Eu + Eu = -Eu

Eu + Eu = Eu
No contato com os meus pacientes percebo que as mudanças que o mundo nos apresenta trazem um grau elevado de angústia e perguntas que não se calam. O ser humano está se tornando mais egoísta? Estamos a caminho de uma nova era de barbárie? O que estamos vivendo é algo novo ou sempre foi assim? Afinal o que caracteriza o ser humano, como tal?

A visão que Freud apresenta em O mal-estar da civilização é aquela de um sujeito que vive às voltas com os instintos que brotam do seu inconsciente, tentando dominá-los pela pressão que ele sofre pelos processos civilizatórios, que lhe impõem suas leis e suas exigências, procurando barrar a força do seu desejo.

Com a crescente dificuldade que o ser humano tem de lidar com o que o pensamento pós-moderno define como “grandes narrativas”, as pressões que o ambiente cultural civilizatório exerce sobre o sujeito é cada vez menos pautada na repressão dos desejos inconscientes e cada vez mais voltada a dar vazão a tais desejos, através de uma apropriação do mundo “sem limites”, onde o pertencimento é garantido pela posse de bens materiais e do poder, numa procura constante da experiência do “gozo”.

Bauman descreveu esse tipo de organização social como mundo líquido, onde a solidez e a segurança das antigas crenças, das instituições e da organização social é substituída pela anarquia caprichosa do capital, pela sensação de uma fluidez, onde tudo é intercambiável e substituível.

As religiões que tradicionalmente ocuparam um papel simbólico importante no “controle” do desejo e do mundo instintual, estão de forma geral também marcadas por uma espécie de competição para atrair novos adeptos e impor suas estruturas de poder, visando garantir ao sujeito algum tipo de “pertencimento” que, como na sociedade consumista, é assegurado não por uma adesão do ser e sim do ter.

Neste panorama, parece triunfar uma necessidade de afirmação narcísica, onde a afirmação de si se dá de forma cada vez mais alucinada, sem que o sujeito possa identificar as demarcações que o introduzem no território do outro e o inscrevem em um discurso que a ele se contrapõe como o discurso do Grande Outro.

Volta a pergunta, esse estado narcísico sem limites garante ao ser humano uma maior apropriação de si, baseada unicamente na sua capacidade de se impor sobre o mundo de forma onipotente?

J. Benjamin, no capítulo “Master and slave” do seu livro Bonds of love, questiona a hipótese que o funcionamento psíquico saudável supõe apenas a necessidade de um Superego baseado no princípio de realidade e na obediência `à Lei, tendo como objetivo evitar a barbárie e a loucura.

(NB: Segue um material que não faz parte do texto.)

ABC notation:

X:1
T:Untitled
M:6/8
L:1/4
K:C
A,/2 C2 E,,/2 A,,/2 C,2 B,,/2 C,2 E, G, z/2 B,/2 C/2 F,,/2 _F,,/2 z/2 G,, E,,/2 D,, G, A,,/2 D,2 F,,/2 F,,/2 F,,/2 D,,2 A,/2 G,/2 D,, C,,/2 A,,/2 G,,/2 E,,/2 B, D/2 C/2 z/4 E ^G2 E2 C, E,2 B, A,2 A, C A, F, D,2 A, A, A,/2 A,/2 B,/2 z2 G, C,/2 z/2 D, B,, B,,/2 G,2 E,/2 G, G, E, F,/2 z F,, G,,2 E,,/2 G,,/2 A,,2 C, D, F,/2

Podemos contudo observar que na própria visão que Freud tem do direito em um texto dirigido a Einstein sobre a necessidade da guerra, emerge a tese que o direito é sempre direito de alguns mais fortes (os Masters) às custas do direito dos outros mais fracos (os Slaves).

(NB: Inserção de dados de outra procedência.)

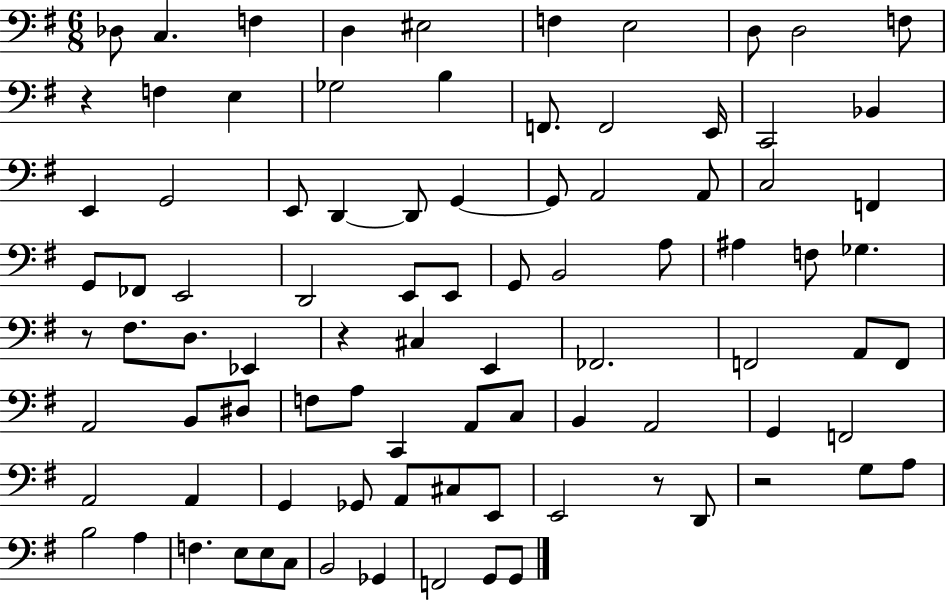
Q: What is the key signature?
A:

Para Benjamin no entanto, o encontro com o outro é uma experiência necessária para a própria constituição do sujeito, que emerge do ser em um estado de loucura (o narcisismo primário do bebê) para adentrar através do outro (mãe-ambiente) a experiência da subjetividade em um ambiente comum e compartilhado. Para essa visão psicanalítica moderna, o “princípio de realidade” é acessado graças a uma experiência que supõe a inclusão do outro no universo psíquico do sujeito. Simples assim, mas com isso tudo muda: a inclusão do outro não é mais uma obrigação imposta pela Lei e sim uma necessidade do próprio psiquismo humano para se constituir em uma experiência onde Eu+Outro=Self (descoberta do próprio Self em um ambiente comum e compartilhado).

Talvez por isso o Cristianismo, uma das três grandes religiões monoteístas, tenha elaborado um das suas mais estranhas elaborações teológicas: a Trindade. Deus, como fonte de todo Ser, não é uma mônada autossuficiente, e sim uma dinâmica vital trinitária, que envolve a experiência fontal (0 Pai/Puro Espírito), o elemento outro (Filho/Matéria) na experiência de um si mesmo compartilhado que encabeça toda experiência evolutiva (Espirito Santo). Nesse mesmo modelo Hegel (que estudou teologia cristã) concebe a evolução da Consciência Universal que se desdobra e se articula em Tese, Antítese e Síntese em busca de sua constante auto-superação.